Work Conditions: Building Cleaning Workers
Because most office buildings are cleaned while they are empty, many cleaning workers work evening hours. Some, however, such as school and hospital custodians, work in the daytime. When there is a need for 24-hour maintenance, janitors may be assigned to shifts. Most full-time building cleaners work about 40 hours a week. Part-time cleaners usually work in the evenings and on weekends.
Building cleaning workers in large office and residential buildings often work in teams consisting of workers who specialize in vacuuming, picking up trash, and cleaning rest rooms, among other things. Supervisors conduct inspections to ensure that the building is cleaned properly and the team is functioning efficiently.

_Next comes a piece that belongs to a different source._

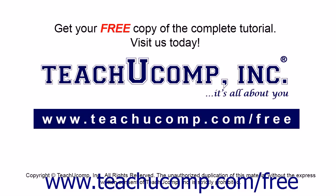Get your free copy of the complete tutorial at www.teachucomp.com forward slash free.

Building cleaning workers usually work inside heated, well-lighted buildings. However, they sometimes work outdoors, sweeping walkways, mowing lawns, or shoveling snow. Working with machines can be noisy, and some tasks, such as cleaning bathrooms and trash rooms, can be dirty and unpleasant. Janitors may suffer cuts, bruises, and burns from machines, handtools, and chemicals. They spend most of their time on their feet, sometimes lifting or pushing heavy furniture or equipment. Many tasks, such as dusting or sweeping, require constant bending, stooping, and stretching. As a result, janitors also may suffer back injuries and sprains.